Your goal: Produce a word-for-word copy of the lines from the one that contains "Overscale Tapestry Accent Pillow | Nordstrom" to the final line of the data below, with all pictures dropped.

Data excerpt:
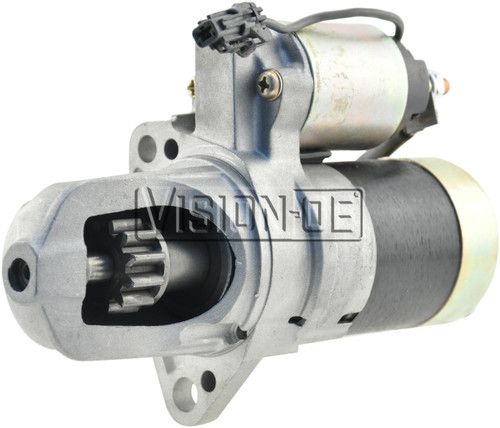 Vision OE Reman Starter 17831 - angled view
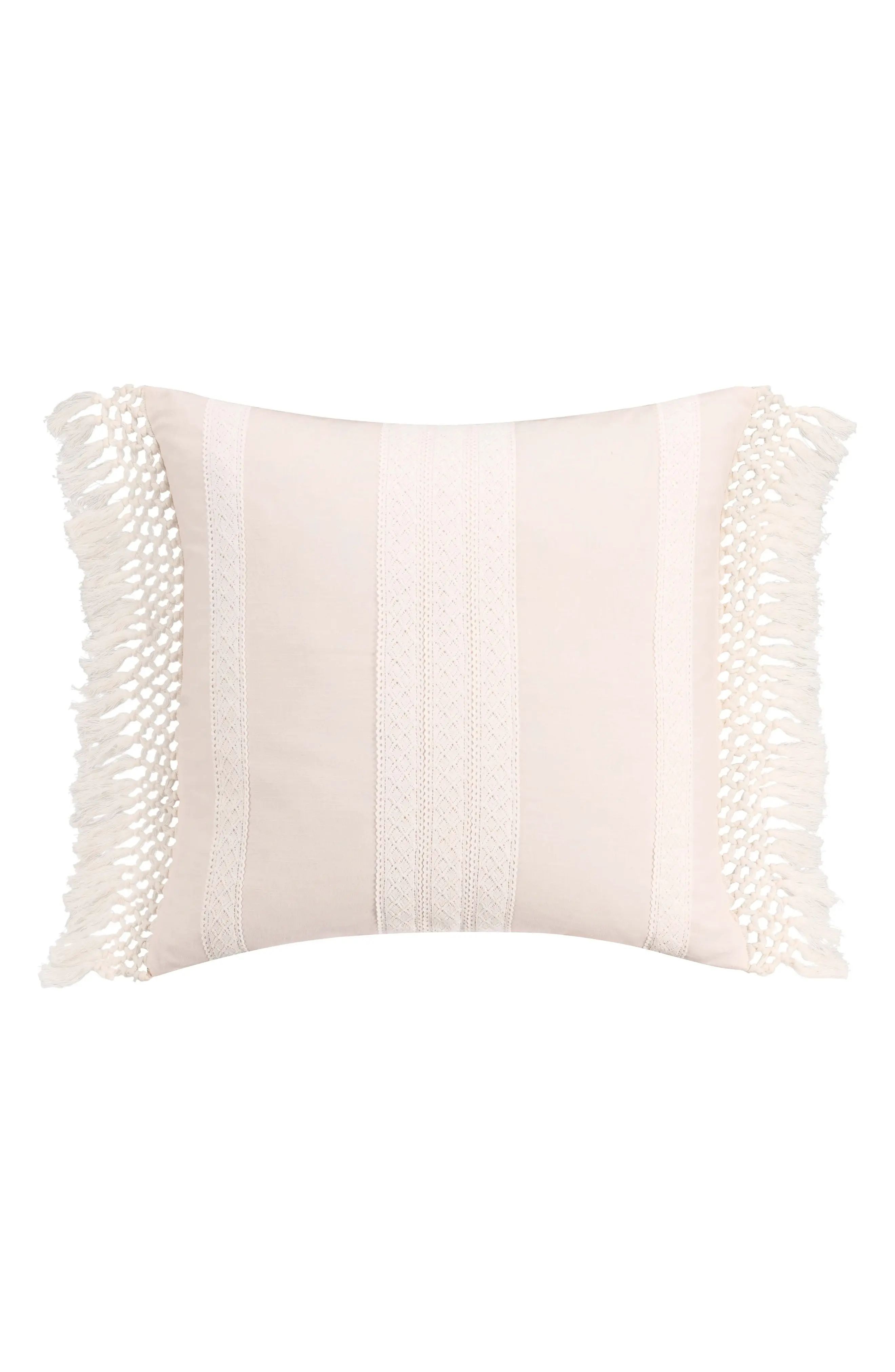 Overscale Tapestry Accent Pillow | Nordstrom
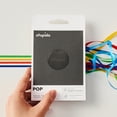 thumbnail image 7 of Chipolo POP Device Tracking Tag, 1 Pack, Black, 7 of 7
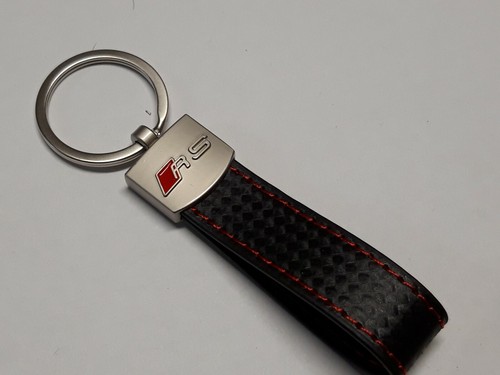 Portachiavi audi rs4 rs6 - portachiavi,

Task solution:
 Overscale Tapestry Accent Pillow | Nordstrom
 thumbnail image 7 of Chipolo POP Device Tracking Tag, 1 Pack, Black, 7 of 7
 Portachiavi audi rs4 rs6 - portachiavi,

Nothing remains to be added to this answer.